As college students it is safe to say the majority of us have procrastinated on a project, paper, or studying at some point. Procrastination involves knowing that something needs to be done in a certain time frame, but the individual fails to complete the task due to lack of motivation or other factors such as behavior, cognition, and affect (Ackerman and Gross, 2007). Most of us can admit that we find ourselves with the, “I can finish it tomorrow or next week” thought when having difficulty to find the motivation. Unfortunately, procrastinating is typically followed by the late night in the library scenario scrambling to complete an assignment due the next morning. Consequently, procrastinating is also associated with stress, frustration, and feelings of guilt (Ackerman and Gross, 2007). A study researching a group of college students found that those who procrastinated ultimately reported a lower grade average, and higher levels of stress and illness (Jaffe, 2013).
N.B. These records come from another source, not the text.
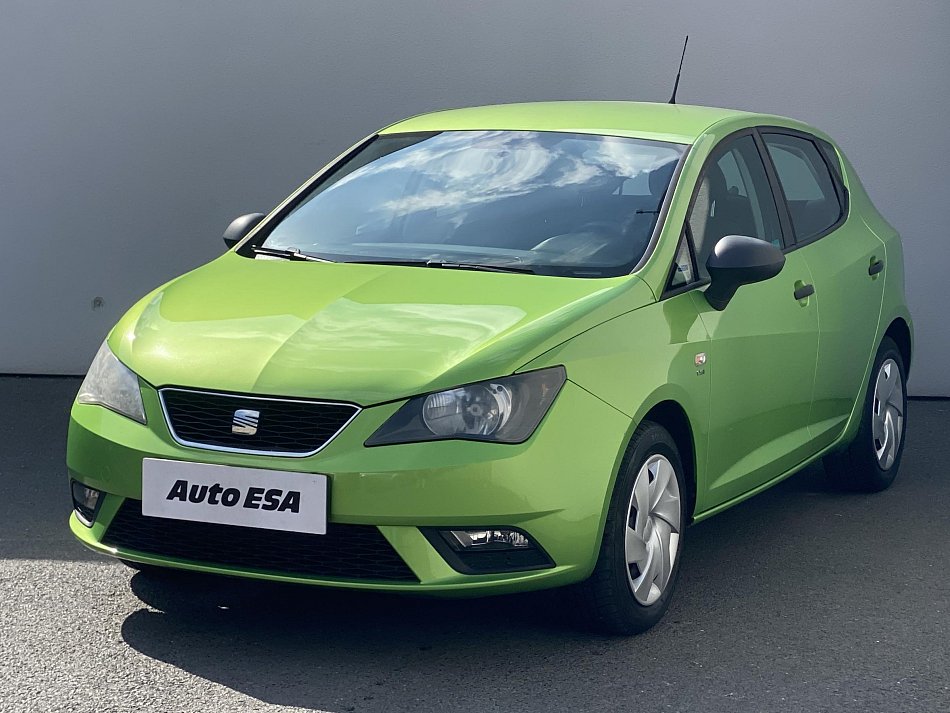 Seat Ibiza 1.2 TSi Reference 77 kW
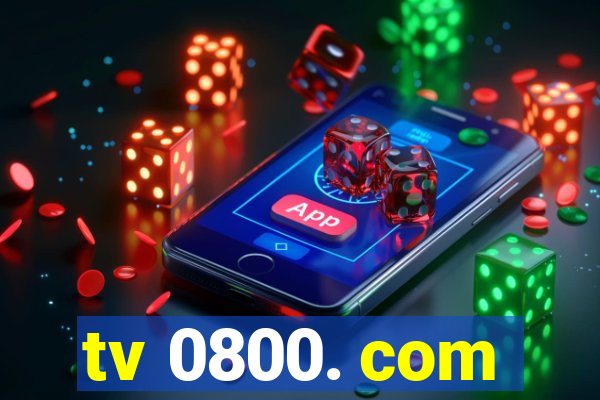 tv 0800. com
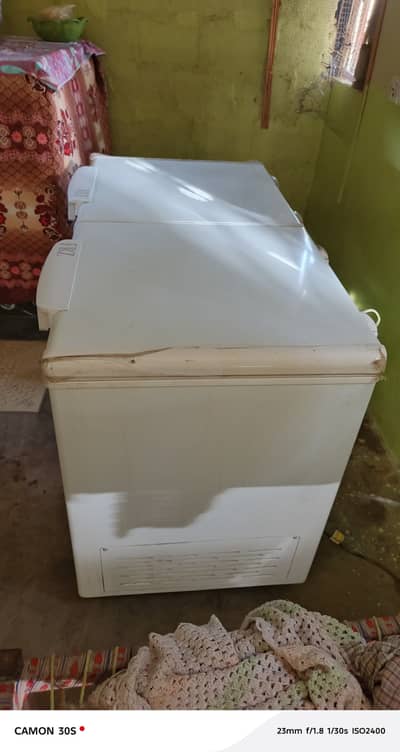 This the higher refrigerator used only 12 month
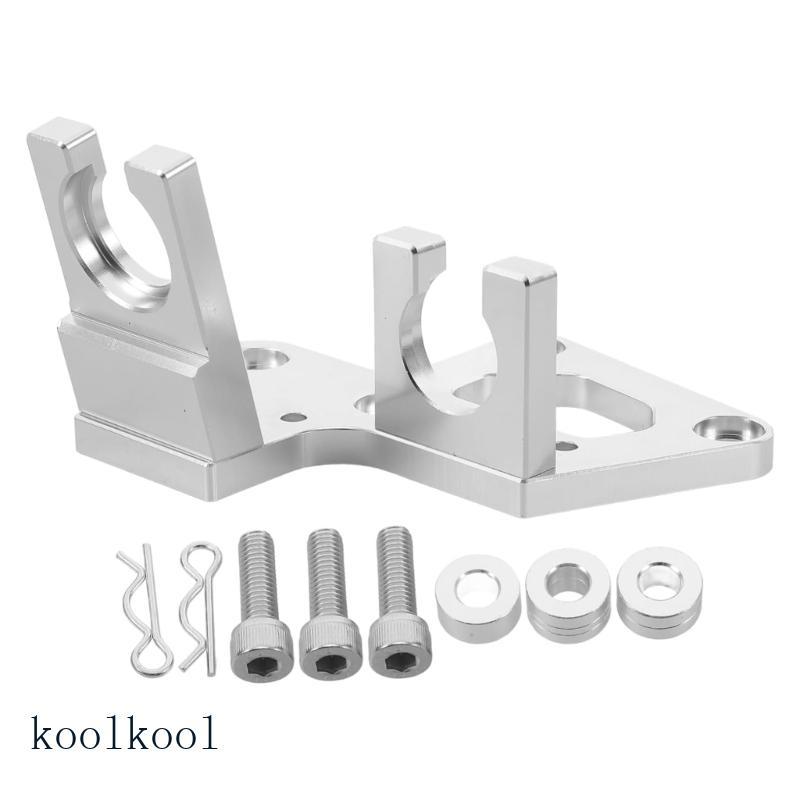 Kool Transmission Bracket สําหรับ RSX‐S K20 K24 รถ Shifter Cable Bracket เปลี่ยน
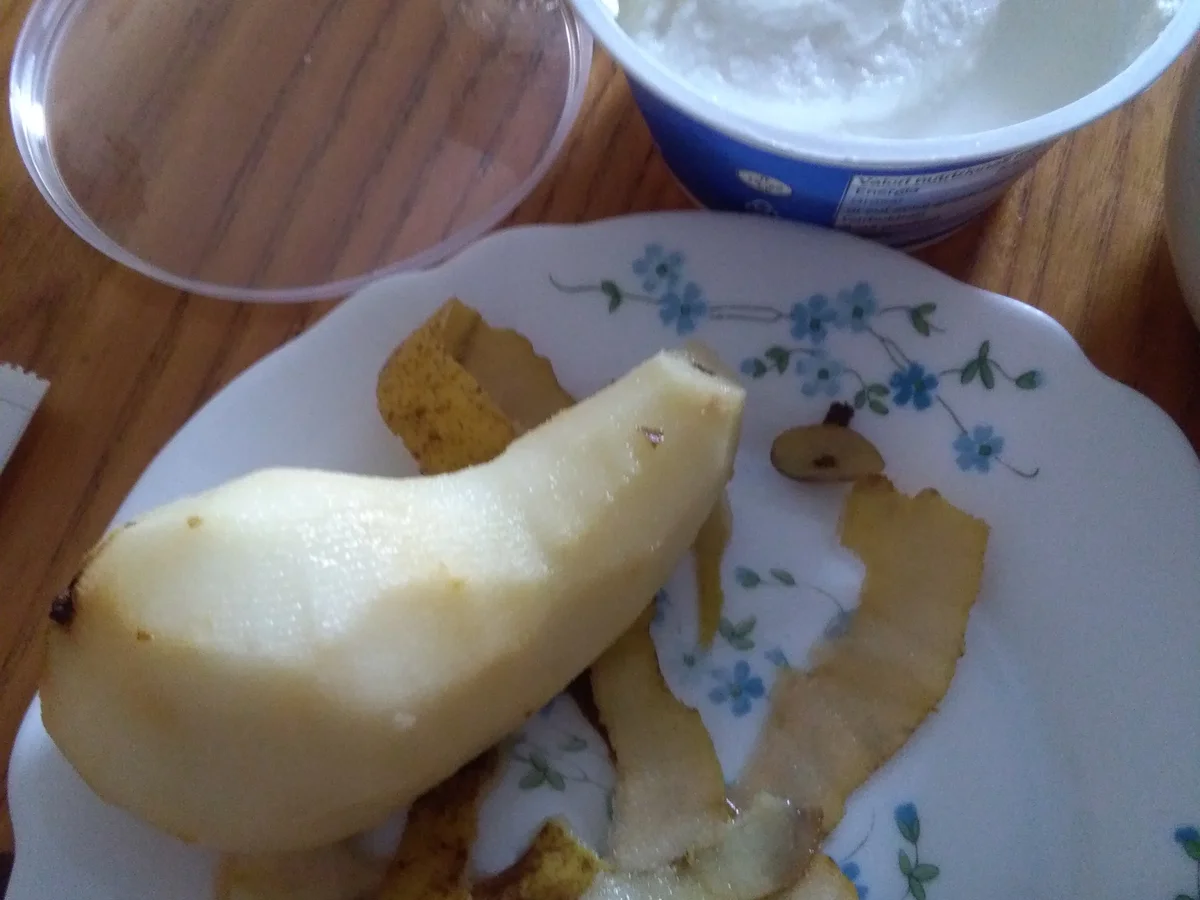 Rezept: Athenische Birne Bild Nr. 8141 Athenische Birne - Rezept - Bild Nr. 8141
The next area to address would be how to decrease the act of procrastinating. (Ariely and Wertenbroch, 2002) explain that setting self-imposed deadlines are effective in improving task performance and limiting procrastination. I personally have found this to be effective by making daily check-lists and breaking larger projects and papers up into smaller pieces. I find that this consistently opens up more time to study for exams and have a life outside of grad school. In addition, plan a daily structured routine which will help with time management. A good way to start would be to fill out a weekly schedule based around classes and other school commitments. After those are filled out, start adding in study, homework, exercise, and free times into the schedule. If you are an undergraduate student or know someone in their first couple semesters or school, address the issue of procrastinating quickly because it will catch up to you. A question to ask yourself is what are the activities in your life that are consuming the majority of your time? Common responses from college students are: working, sleeping, watching TV, videogames, hanging out with friends, internet (Pychyl et al., 2000).
Ariely, D., & Wertenbroch, K. (2002). Procrastination, deadlines, and performance: Self-control by precommitment. Psychological Science, 13, 219–224.
Pychyl, T. A., Lee, J. M., Thibodeau, R., & Blunt, A. (2000). Five days of emotion: An experience sampling study of undergraduate student procrastination. Journal of Social Behavior and Personality, 15, 239–254.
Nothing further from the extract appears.